# Source material
╭──
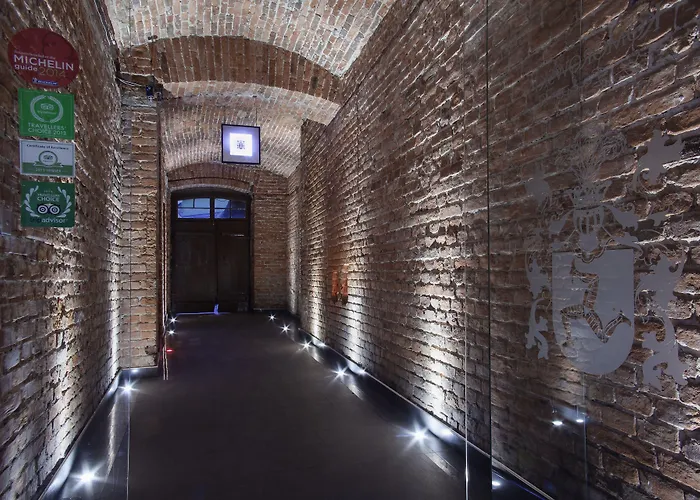 Jacuzzi hotel: Komorowski Luxury Guest Rooms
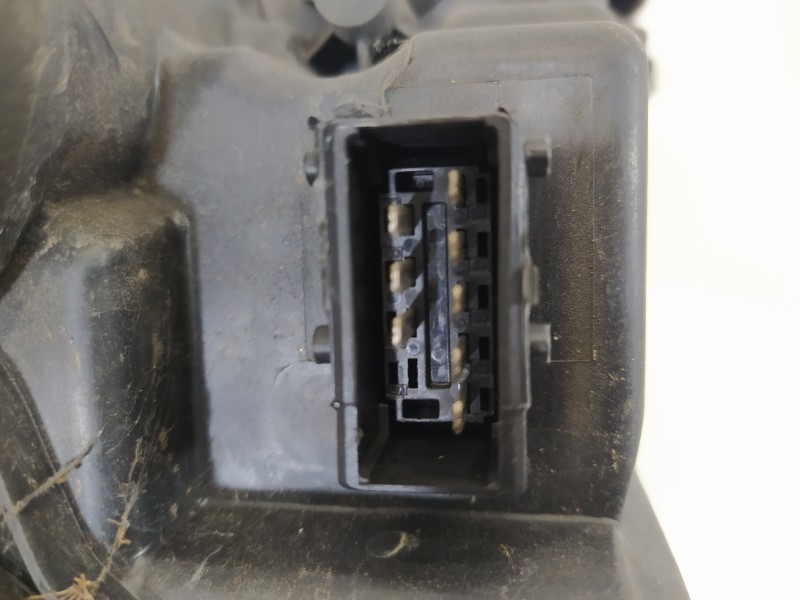 Recambio de faro izquierdo para fiat scudo combi (272) l1h1 120 multijet (5 pl.) referencia OEM IAM 89901161  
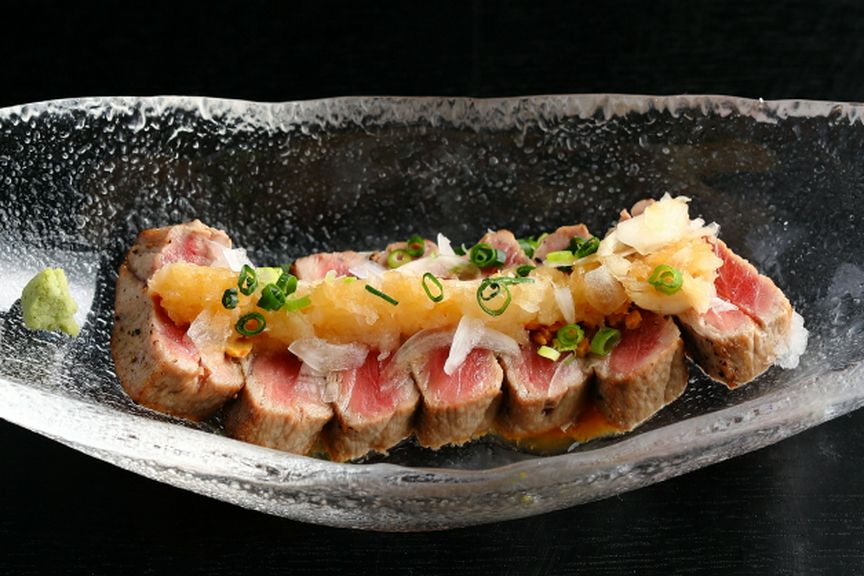 脂の乗ったマグロの旨みをたっぷり堪能『本マグロとろステーキ』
╰──
# Instructions for the task
Reprint the data verbatim, pictures excluded.

# Task solution
 Jacuzzi hotel: Komorowski Luxury Guest Rooms
 Recambio de faro izquierdo para fiat scudo combi (272) l1h1 120 multijet (5 pl.) referencia OEM IAM 89901161  
 脂の乗ったマグロの旨みをたっぷり堪能『本マグロとろステーキ』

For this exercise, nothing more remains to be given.